Study material:
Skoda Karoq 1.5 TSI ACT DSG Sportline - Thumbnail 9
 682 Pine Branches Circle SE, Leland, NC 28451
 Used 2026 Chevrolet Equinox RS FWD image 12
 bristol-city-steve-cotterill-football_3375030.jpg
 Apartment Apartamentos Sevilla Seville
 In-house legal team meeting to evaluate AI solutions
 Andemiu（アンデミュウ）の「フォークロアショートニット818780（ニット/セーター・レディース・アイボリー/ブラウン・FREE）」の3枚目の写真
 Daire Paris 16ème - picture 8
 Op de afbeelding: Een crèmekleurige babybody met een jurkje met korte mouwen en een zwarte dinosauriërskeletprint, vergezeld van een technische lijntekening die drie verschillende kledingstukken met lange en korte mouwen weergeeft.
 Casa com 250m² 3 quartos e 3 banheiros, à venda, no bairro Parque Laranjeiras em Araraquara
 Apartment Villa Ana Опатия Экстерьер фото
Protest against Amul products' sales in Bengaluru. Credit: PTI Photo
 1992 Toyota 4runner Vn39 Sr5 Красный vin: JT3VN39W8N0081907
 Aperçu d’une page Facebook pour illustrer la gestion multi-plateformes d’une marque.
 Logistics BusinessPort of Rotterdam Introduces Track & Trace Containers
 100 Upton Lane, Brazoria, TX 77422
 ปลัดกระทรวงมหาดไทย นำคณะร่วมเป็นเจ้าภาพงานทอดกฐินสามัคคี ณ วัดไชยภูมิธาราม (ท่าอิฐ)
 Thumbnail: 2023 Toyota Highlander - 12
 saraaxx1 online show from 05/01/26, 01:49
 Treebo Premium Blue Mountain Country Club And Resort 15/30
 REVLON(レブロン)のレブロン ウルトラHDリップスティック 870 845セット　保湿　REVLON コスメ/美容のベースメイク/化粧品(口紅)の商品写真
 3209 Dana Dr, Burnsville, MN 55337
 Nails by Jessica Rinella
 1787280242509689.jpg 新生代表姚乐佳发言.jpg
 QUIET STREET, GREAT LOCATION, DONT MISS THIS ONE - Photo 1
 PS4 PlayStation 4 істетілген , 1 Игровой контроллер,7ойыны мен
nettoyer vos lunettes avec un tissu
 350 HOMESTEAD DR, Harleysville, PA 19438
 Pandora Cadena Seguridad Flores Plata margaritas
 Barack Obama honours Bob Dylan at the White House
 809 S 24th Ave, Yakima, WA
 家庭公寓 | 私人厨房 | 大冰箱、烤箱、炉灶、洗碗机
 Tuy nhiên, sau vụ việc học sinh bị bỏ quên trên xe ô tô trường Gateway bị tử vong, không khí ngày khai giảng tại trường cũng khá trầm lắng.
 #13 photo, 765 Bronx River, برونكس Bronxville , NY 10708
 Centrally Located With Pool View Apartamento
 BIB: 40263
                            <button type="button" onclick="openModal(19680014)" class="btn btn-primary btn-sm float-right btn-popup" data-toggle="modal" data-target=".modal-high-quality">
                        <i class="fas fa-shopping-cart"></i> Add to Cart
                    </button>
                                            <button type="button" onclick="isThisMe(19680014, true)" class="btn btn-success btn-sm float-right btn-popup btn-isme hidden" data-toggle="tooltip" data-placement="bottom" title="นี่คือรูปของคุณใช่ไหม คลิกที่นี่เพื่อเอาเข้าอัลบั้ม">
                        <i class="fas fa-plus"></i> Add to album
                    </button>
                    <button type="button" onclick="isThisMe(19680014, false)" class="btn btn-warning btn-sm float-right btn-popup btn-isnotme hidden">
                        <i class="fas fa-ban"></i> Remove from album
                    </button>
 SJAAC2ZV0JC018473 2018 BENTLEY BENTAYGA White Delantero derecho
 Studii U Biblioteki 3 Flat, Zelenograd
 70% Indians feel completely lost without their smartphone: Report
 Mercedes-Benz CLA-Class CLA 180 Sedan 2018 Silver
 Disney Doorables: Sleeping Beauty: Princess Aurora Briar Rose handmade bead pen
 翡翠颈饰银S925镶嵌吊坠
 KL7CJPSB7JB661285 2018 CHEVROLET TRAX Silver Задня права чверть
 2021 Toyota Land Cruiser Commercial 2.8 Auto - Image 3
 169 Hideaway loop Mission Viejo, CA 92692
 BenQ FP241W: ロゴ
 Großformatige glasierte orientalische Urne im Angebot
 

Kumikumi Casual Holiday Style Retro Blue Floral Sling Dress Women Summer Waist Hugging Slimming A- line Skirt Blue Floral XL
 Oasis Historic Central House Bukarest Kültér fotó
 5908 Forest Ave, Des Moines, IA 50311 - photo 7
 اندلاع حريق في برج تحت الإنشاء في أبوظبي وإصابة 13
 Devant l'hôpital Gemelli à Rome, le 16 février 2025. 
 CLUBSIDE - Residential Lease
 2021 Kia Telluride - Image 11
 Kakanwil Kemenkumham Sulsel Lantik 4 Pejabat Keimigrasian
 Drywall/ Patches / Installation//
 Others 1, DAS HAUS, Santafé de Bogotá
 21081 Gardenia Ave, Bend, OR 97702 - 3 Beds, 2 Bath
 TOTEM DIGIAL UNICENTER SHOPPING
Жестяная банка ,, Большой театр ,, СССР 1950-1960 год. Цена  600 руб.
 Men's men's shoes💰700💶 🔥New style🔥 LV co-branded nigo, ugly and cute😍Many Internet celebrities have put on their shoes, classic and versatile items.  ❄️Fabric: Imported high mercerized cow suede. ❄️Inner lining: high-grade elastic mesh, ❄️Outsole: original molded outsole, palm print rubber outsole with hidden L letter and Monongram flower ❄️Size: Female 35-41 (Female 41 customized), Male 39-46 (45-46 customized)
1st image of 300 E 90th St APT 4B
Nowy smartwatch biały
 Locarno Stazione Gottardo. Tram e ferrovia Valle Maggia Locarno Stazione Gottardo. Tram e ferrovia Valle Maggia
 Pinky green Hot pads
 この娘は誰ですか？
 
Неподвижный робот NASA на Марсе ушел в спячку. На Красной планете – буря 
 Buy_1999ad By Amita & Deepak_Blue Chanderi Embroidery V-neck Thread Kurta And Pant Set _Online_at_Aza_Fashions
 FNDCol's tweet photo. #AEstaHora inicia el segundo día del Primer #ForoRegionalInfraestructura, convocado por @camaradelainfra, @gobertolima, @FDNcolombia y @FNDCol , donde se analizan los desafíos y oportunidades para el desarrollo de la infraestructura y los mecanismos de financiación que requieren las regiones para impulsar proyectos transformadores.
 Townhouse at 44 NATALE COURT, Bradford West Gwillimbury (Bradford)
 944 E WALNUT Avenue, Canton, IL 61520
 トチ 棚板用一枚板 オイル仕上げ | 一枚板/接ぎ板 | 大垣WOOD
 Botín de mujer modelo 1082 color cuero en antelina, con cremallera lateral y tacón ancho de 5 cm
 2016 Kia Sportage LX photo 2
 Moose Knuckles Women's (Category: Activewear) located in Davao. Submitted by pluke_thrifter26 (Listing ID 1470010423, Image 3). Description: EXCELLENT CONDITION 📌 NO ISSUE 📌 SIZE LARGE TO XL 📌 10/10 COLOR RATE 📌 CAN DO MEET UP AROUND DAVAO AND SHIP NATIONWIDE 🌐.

Exercise goal:
Please copy the lines in the records above between the one holding "1992 Toyota 4runner" and the one holding "Thumbnail: 2023 Toyota Highlander - 12", inclusive, exactly and with no other line.

Answer to the exercise:
 1992 Toyota 4runner Vn39 Sr5 Красный vin: JT3VN39W8N0081907
 Aperçu d’une page Facebook pour illustrer la gestion multi-plateformes d’une marque.
 Logistics BusinessPort of Rotterdam Introduces Track & Trace Containers
 100 Upton Lane, Brazoria, TX 77422
 ปลัดกระทรวงมหาดไทย นำคณะร่วมเป็นเจ้าภาพงานทอดกฐินสามัคคี ณ วัดไชยภูมิธาราม (ท่าอิฐ)
 Thumbnail: 2023 Toyota Highlander - 12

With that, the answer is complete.